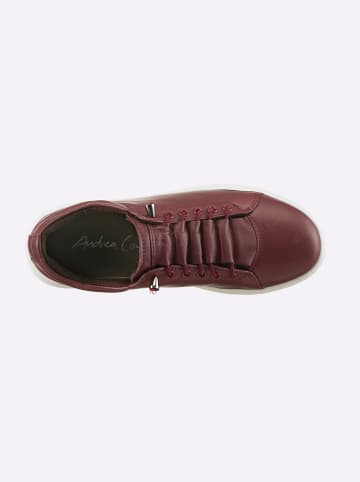 Andrea Conti Sneaker in burgund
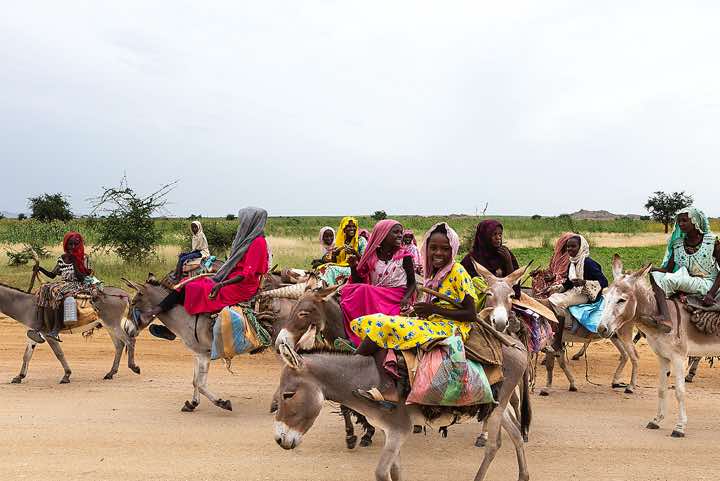 Group of girls on donkeys, near Abéché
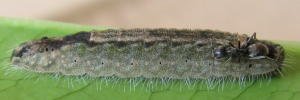 Larvae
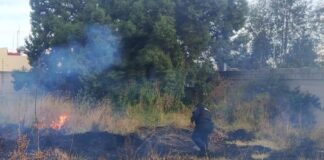 Policías Municipales de Tlaxcala Sofocan Incendio cerca de una Institución Educativa - AlternativaTlx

● ● ● ●

Copy out the listing above in full and keep the pictures out.

● SOLUTION TO THIS EXERCISE:
 Andrea Conti Sneaker in burgund
 Group of girls on donkeys, near Abéché
 Larvae
 Policías Municipales de Tlaxcala Sofocan Incendio cerca de una Institución Educativa - AlternativaTlx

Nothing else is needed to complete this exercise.